I have a not-so-complex (imho) filtering logic based on several conditions in my Django models. There is one particular query which takes an inusual amount of time to finish.
The query is built based on those two querysets:
queryset = self.serializer_class.Meta.model.valid_pricelist_objects.filter(
Q(drug_prices__pricelist__price_destination__to_all_insurances=True
) |
# pylint: disable=line-too-long
Q(
drug_prices__pricelist__price_destination__to_organization_data__organization__uuid
=self.kwargs.get('i_uuid')))
return queryset
and
return super().get_queryset().filter(
Q(active=True),
Q(drug_prices__pricelist__active=True), # Lista de precios activa
# Q(drug_pictures__is_main=True), # Que tenga una imagen
# TODO: Hacer filtros por pais PriceListCountries
Q(
Q(drug_prices__pricelist__expires=False) | # Que tenga precios que no caducan o
Q(
Q(drug_prices__pricelist__expires=True), # Que tenga precios que si caducan Y
Q(drug_prices__pricelist__datestart__date__lte=timezone.now()), # Fecha de inicio menor que hoy Y
Q(drug_prices__pricelist__dateend__date__gte=timezone.now()) # Fecha final mayor que hoy
)
)
).distinct().prefetch_related(
'categories__contexts',
'brands',
'drug_prices__pricelist',
'drug_pictures',
'drug_prices__pricelist__price_destination',
)
The second querysets wraps the first one (via the super()

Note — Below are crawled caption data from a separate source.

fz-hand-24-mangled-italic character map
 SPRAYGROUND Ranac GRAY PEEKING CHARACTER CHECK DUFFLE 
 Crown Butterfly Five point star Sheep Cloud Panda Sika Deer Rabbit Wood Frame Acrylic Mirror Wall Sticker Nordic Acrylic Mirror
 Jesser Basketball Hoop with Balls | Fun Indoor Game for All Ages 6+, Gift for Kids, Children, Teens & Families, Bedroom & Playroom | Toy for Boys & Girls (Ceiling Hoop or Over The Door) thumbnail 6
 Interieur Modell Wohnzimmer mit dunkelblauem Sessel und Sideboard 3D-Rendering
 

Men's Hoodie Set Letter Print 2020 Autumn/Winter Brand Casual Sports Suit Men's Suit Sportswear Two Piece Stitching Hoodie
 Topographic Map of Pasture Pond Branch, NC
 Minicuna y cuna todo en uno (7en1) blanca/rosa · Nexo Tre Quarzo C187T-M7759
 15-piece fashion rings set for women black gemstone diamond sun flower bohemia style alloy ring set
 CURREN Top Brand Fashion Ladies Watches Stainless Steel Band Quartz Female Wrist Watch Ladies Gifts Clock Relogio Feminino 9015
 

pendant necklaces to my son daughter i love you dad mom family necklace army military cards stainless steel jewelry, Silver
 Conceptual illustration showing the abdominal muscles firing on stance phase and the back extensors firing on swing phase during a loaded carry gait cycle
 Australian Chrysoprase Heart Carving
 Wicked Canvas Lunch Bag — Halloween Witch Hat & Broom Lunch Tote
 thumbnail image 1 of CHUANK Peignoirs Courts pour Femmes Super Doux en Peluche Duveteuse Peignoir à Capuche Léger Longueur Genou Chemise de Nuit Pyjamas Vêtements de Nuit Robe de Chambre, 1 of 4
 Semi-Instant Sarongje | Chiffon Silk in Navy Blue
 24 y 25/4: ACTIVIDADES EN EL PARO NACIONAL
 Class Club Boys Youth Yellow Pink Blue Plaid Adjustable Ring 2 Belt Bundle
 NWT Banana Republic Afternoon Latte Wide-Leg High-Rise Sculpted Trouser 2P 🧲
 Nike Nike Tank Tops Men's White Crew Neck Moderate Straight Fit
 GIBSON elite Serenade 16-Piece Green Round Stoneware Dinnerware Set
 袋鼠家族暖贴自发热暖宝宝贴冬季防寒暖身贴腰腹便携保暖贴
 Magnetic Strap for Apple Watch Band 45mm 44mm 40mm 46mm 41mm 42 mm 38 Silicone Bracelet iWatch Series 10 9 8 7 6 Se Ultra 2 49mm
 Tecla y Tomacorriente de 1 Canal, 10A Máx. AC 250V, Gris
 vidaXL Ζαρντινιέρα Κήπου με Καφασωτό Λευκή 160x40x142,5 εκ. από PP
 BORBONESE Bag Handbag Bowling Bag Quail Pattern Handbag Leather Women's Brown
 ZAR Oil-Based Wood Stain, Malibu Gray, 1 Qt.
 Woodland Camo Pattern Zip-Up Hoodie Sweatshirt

call). The resulting query looks like this:
SELECT DISTINCT
"phdrug_phdrug"."id",
"phdrug_phdrug"."uuid",
"phdrug_phdrug"."default_description",
"phdrug_phdrug"."ean",
"phdrug_phdrug"."parent_ean",
"phdrug_phdrug"."reg_num",
"phdrug_phdrug"."atc_iv",
"phdrug_phdrug"."product_type",
"phdrug_phdrug"."fraction",
"phdrug_phdrug"."active",
"phdrug_phdrug"."loyal",
"phdrug_phdrug"."patent",
"phdrug_phdrug"."chronics",
"phdrug_phdrug"."recipe",
"phdrug_phdrug"."deal",
"phdrug_phdrug"."specialized",
"phdrug_phdrug"."armored",
"phdrug_phdrug"."hight_speciality",
"phdrug_phdrug"."temp_8_15",
"phdrug_phdrug"."temp_15_25",
"phdrug_phdrug"."temp_2_8",
"phdrug_phdrug"."temp_less_15",
"phdrug_phdrug"."new",
"phdrug_phdrug"."mdk_internal_code",
"phdrug_phdrug"."mdk_single_id",
"phdrug_phdrug"."is_from_mdk_db",
"phdrug_phdrug"."top",
"phdrug_phdrug"."laboratory_id",
"phdrug_phdrug"."specialty_id"
FROM
"phdrug_phdrug"
INNER JOIN "monetary_drugprice" ON ( "phdrug_phdrug"."id" = "monetary_drugprice"."drug_id" )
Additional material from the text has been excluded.